Le monde a besoin d'une transparence radicale de la dette Une salle de classe de l'école primaire publique d'Ianjanina, dans la zone rurale de Madagascar. Photo : Mohammad Al-Arief/Banque mondiale.

Ces vingt dernières années, de nombreux pays en développement ont accompli des progrès remarquables en matière de réduction de la pauvreté, d'accès plus large à l'éducation et aux soins de santé et d'investissement dans les infrastructures. Ces résultats sont le fruit de politiques nationales saines et d'efforts coordonnés de la part de la communauté internationale, souvent financés par des emprunts responsables.

Néanmoins, les perspectives d'avenir sont moins rassurantes, car les vulnérabilités liées à la dette s'intensifient : 54 % (a) des pays à faible revenu sont déjà en situation de surendettement ou présentent un risque élevé de l'être, et nombre d'entre eux consacrent plus d'argent au remboursement de leur dette qu'à l'éducation, à la santé et à l'infrastructure réunies. L'accès à des financements abordables se réduit et les chocs externes répétés — depuis les fluctuations des prix des produits de base jusqu'aux catastrophes climatiques — aggravent les risques.

Le monde a déjà traversé des difficultés similaires par le passé.
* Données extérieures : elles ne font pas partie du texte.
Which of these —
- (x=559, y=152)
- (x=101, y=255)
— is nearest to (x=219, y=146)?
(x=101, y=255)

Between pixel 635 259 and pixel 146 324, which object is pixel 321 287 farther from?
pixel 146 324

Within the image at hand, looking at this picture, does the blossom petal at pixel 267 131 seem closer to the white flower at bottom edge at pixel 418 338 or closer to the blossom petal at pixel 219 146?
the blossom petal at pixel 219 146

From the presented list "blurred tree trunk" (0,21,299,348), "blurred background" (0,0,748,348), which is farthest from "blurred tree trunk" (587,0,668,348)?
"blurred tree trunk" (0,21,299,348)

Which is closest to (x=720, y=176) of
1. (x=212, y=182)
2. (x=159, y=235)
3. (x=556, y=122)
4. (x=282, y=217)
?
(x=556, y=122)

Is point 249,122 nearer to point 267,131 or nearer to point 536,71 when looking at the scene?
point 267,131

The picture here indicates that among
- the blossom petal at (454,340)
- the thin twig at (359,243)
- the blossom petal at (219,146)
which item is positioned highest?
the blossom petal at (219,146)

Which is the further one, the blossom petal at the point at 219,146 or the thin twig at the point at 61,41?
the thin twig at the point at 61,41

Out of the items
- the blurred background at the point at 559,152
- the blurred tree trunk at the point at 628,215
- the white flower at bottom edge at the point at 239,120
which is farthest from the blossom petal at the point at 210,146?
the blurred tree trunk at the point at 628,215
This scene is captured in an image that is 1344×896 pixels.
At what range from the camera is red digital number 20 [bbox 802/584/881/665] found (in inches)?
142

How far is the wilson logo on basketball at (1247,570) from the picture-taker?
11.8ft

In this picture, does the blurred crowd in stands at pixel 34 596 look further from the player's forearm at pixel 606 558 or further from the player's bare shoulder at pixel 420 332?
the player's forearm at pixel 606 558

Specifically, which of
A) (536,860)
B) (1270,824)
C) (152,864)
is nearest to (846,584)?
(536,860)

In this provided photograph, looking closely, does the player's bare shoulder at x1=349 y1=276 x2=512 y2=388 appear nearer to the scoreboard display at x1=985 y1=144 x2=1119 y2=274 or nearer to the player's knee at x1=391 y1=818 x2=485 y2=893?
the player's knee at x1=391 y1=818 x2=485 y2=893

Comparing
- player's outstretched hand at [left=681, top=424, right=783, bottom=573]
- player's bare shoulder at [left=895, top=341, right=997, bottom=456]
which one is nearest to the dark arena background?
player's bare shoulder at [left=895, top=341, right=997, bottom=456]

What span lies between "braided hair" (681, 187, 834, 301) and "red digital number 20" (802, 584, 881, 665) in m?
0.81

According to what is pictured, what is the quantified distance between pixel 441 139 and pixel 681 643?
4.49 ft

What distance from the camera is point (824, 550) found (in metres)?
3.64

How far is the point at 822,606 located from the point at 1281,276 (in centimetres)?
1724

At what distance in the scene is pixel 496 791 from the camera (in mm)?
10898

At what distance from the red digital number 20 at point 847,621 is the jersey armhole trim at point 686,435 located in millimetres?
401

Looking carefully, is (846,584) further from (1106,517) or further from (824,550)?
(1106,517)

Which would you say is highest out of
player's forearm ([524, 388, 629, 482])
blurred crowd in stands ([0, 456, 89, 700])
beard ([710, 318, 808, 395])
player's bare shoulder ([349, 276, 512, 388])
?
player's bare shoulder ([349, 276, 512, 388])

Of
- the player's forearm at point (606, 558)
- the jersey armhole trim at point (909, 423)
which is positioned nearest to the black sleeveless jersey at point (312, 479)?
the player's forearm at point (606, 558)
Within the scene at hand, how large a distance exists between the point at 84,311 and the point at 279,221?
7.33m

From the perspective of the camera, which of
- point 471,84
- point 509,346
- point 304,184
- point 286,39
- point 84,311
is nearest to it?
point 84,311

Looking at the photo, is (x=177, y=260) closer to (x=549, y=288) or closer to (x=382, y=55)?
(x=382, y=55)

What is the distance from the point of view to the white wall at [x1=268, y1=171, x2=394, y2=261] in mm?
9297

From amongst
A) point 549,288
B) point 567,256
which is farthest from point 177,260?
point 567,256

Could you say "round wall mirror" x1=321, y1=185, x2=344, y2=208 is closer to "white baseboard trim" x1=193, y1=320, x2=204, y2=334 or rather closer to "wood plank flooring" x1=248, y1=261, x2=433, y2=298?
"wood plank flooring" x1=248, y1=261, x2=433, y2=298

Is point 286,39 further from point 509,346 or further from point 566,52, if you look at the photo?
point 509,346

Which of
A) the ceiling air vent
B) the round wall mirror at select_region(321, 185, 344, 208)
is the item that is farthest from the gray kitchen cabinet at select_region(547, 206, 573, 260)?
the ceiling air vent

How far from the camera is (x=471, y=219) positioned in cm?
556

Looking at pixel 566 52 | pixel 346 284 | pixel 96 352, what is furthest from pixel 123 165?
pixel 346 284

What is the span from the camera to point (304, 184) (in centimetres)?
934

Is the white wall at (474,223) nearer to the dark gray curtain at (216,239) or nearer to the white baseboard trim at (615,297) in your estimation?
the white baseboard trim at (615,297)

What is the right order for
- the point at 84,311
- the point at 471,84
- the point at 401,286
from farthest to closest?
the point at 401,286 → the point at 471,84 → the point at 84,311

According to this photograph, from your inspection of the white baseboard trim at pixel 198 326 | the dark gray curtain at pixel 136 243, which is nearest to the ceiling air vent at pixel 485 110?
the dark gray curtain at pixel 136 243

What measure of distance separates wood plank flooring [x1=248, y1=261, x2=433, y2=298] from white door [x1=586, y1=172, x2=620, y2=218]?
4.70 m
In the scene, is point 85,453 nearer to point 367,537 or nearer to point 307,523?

Au tournant du millénaire, la coopération mondiale a permis des avancées majeures telles que l'Initiative en faveur des pays pauvres très endettés (PPTE) et l'Initiative d'allégement de la dette multilatérale, qui ont déchargé des dizaines de pays à faible revenu d'un fardeau de la dette insoutenable. Cependant, la situation a fondamentalement changé depuis. Aujourd'hui, la dette est plus complexe, les créanciers sont plus diversifiés et une partie des emprunts est contractée hors budget, à huis clos, échappant ainsi aux mécanismes de contrôle traditionnels.
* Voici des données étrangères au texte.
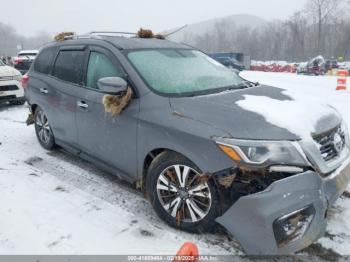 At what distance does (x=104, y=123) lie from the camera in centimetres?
410

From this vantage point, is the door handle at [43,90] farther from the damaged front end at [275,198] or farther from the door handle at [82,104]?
the damaged front end at [275,198]

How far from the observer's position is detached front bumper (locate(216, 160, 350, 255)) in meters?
2.74

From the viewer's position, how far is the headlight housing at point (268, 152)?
283cm

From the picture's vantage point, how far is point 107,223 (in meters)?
3.59

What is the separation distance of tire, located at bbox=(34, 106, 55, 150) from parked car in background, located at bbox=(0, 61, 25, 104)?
13.2 ft

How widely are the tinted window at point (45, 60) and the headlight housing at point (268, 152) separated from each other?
3560 mm

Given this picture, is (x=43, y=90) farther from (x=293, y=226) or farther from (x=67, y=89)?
(x=293, y=226)

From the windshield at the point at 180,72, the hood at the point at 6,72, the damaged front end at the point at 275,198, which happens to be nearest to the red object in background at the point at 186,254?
the damaged front end at the point at 275,198

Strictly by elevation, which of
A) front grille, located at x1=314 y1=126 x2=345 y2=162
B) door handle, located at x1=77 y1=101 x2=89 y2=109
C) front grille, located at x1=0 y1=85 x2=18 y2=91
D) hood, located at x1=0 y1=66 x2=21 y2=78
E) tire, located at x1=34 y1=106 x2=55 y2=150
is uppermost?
hood, located at x1=0 y1=66 x2=21 y2=78

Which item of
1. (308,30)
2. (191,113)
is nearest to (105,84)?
(191,113)

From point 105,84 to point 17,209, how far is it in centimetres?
157

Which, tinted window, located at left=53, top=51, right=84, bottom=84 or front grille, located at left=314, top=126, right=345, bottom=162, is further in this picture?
tinted window, located at left=53, top=51, right=84, bottom=84

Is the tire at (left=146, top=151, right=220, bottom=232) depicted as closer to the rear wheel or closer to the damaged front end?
the damaged front end

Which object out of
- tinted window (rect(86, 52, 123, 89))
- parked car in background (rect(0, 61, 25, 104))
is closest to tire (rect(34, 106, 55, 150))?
tinted window (rect(86, 52, 123, 89)) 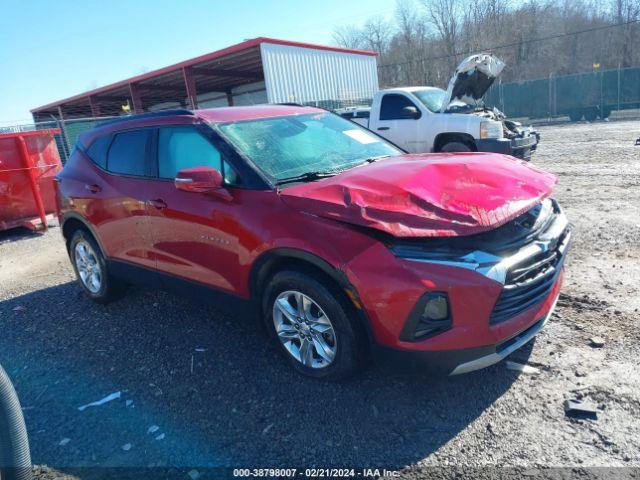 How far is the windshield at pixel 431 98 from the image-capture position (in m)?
9.62

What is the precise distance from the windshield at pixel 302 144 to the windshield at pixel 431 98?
19.2 ft

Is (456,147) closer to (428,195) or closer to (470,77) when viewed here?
(470,77)

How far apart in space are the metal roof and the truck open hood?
372 inches

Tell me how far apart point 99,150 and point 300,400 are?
326 centimetres

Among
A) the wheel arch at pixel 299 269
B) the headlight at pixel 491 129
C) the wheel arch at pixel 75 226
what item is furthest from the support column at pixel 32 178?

C'est pourquoi la communauté internationale a pris des mesures significatives pour répondre à cette crise en gestation. Le Groupe de la Banque mondiale et le Fonds monétaire international intensifient leur soutien financier et technique aux pays en butte à la pression de la dette et, dans certains cas, pilotent des opérations de gestion du passif. Lorsque le service de la dette d'une économie devient insoutenable, le Cadre commun du G20 offre une porte de sortie. C'est un processus que beaucoup s'efforcent de rendre plus rapide et plus prévisible, notamment en recherchant un consensus lors des réunions de la Table ronde mondiale sur la dette souveraine.

Si des progrès ont été accomplis en matière d'allégement de la dette, il reste encore beaucoup à faire. La première et la plus puissante ligne de défense contre les vulnérabilités est l'amélioration de la transparence de la dette. Le monde apprend trop souvent l'existence de dettes insoutenables quand les économies sont déjà en chute libre. Ainsi, plusieurs pays avaient retrouvé un accès aux marchés internationaux des capitaux ces dernières années, avant de voir des dettes cachées refaire surface et les plonger dans la crise.
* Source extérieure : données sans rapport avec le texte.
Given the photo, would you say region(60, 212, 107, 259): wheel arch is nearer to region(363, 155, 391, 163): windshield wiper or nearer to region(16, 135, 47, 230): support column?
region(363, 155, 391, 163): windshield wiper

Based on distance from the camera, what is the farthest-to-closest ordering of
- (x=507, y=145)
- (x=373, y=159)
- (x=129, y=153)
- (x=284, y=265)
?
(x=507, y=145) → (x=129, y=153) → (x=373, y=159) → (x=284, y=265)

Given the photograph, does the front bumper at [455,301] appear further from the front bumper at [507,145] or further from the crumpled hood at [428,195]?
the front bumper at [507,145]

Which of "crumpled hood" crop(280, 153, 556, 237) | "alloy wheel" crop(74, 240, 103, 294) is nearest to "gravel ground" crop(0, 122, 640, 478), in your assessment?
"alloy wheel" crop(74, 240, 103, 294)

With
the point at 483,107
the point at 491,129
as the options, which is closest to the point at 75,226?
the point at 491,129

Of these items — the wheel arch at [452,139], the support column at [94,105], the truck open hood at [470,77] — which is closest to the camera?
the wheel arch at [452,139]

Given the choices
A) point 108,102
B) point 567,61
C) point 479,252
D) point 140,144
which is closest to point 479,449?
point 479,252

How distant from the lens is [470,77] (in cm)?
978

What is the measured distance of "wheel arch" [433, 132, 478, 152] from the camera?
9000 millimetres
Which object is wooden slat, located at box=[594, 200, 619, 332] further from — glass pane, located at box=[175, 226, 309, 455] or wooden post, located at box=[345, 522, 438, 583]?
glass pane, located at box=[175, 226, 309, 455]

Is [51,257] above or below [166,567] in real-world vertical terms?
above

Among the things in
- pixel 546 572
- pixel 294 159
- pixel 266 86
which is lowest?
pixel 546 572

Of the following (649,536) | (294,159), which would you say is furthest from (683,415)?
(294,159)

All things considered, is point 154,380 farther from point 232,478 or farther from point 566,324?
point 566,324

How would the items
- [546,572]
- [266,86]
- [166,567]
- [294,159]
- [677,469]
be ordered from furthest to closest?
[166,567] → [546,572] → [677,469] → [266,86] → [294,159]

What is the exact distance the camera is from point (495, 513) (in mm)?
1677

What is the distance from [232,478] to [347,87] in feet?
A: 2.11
Sans une action urgente pour contenir ces risques, les futures crises de la dette ne découleront pas seulement de la malchance économique, mais aussi de créances non divulguées, mal comprises ou délibérément occultées. Pour toutes ces raisons, le rapport Radical Debt Transparency (a) de la Banque mondiale exhorte les emprunteurs, les créanciers et la communauté financière mondiale à renoncer aux pratiques opaques au profit d'une communication intégrale et sans délai sur la dette.

On constate malgré tout certaines avancées. Depuis 2020, la part des pays à faible revenu publiant certaines données sur la dette est passée de moins de 60 % à plus de 75 %. Mais seulement un quart d'entre eux divulguent des informations détaillées sur les prêts nouvellement contractés et, trop souvent, les données sur la dette sont partielles, tardives et incohérentes.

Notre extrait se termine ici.